For the future, the newly commissioned instrument HiCIAO at Subaru will boost the approach of this team (see December 26, 2007 News Release). The high dynamic range instrument also will have powerful reinforcement with Subaru’s new generation AO system with 188 elements and laser guide star (see November 20, 2006 News Release). The astronomers are hoping to resolve the detailed structure of disks and analyze the size and composition of the dust within. The team will narrow their targets before observations start at ALMA (Atacama Large Millimeter Array) or the next generation large telescopes.

This discovery is reported in the Astrophysical Journal Letters in its January 20, 2008 issue, Volume 673, page L67.

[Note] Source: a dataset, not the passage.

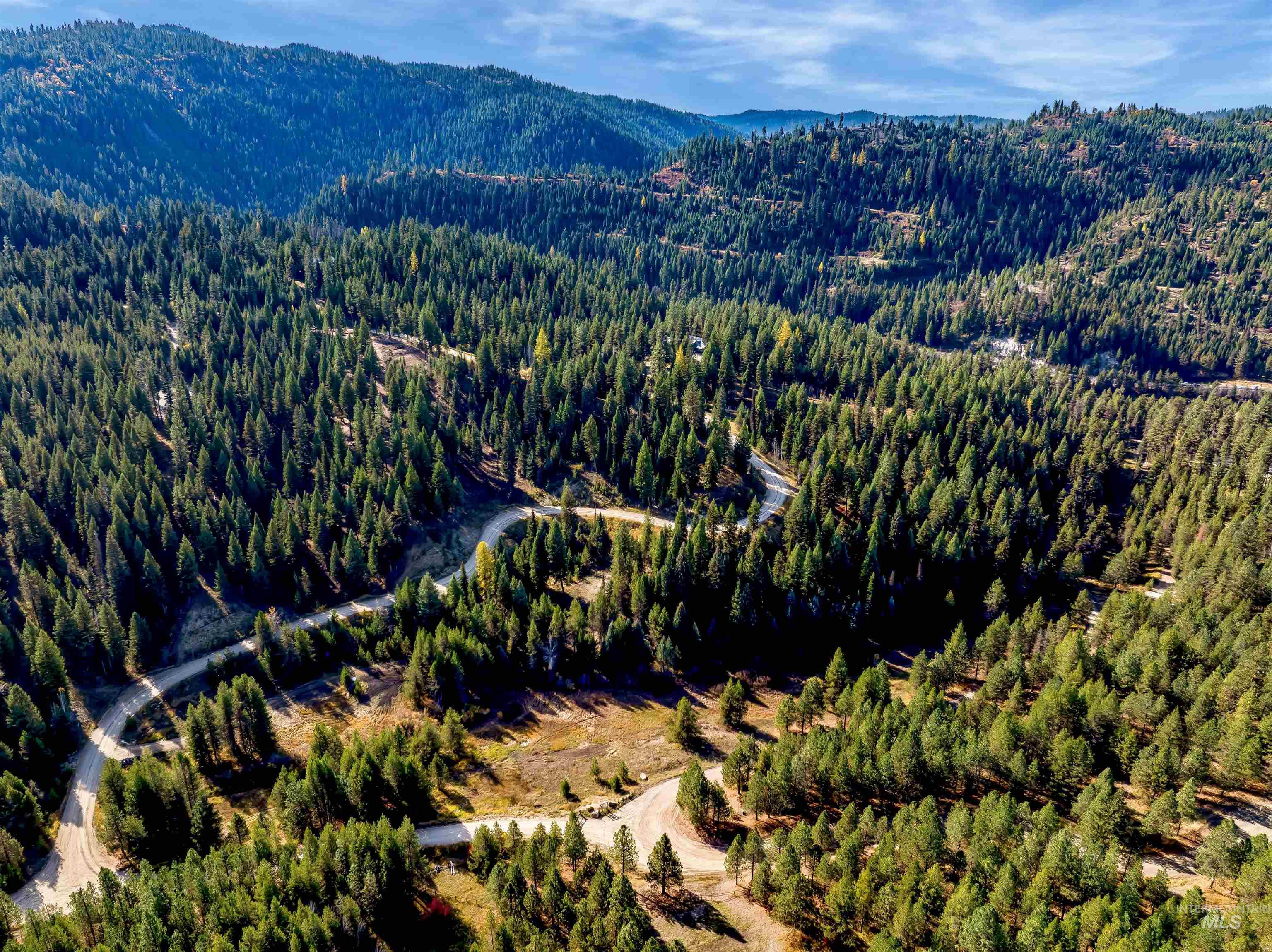 201 Tripod View Cascade, ID 83611 - Photo 31 of 41 Aerial view of mountains and a heavily wooded area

Note 1: Team members are in the Graduate University of the Advanced Studies (SOKENDAI), National Astronomical Observatory, ISAS/JAXA, Nagoya University, Kobe University, and Ibaraki University. This research is supported by Grants-In-Aid for Scientific Research on Priority Areas, "Development of Extra-Solar Planetary Science", from the Ministry of Education, Culture, Sports, Science and Technology (16077101, 16077204), and by JSPS (16340061).

Note 2: More massive protostellar disks show more diverse structures, as revealed by CIAO/Subaru, such as the spiral structure or a pair of arches.
Spiral pattern in the protostellar disk
http://www.naoj.org/Pressrelease/2004/04/18/index.html
Pair of arches
http://www.naoj.org/Pressrelease/2006/06/27/index.html

Note 3: Astronomical unit (= 1 AU) is the mean distance between the Sun and the Earth, 150 million kilometers, or approximately 95 million miles.

Note 4: About CIAO at Subaru Telescope
http://www.naoj.org/Introduction/instrument/CIAO.html
About AO (its first generation version - 36 elements - at Subaru Telescope)
http://www.naoj.org/Introduction/instrument/AO.html

Figure 1: FN Tau captured by CIAO instrument mounted on Subaru Telescope. This infrared image taken at 1.6 micron shows an almost face-on circular disk structure. The light from the central star FN Tau itself is blocked by the coronagraph mask. Somewhat symmetrical darker areas are the blocking by the secondary mirror support.


Figure 2: Illustration of the protoplanetary disk around FN Tau. Because central star has only one tenth of the mass of the Sun, its gravity is small and the disk becomes thicker with increasing distance from the central star. Resultantly, the scattering of light from the star is more efficient than that by a flat disk and the disk appears brighter than expected.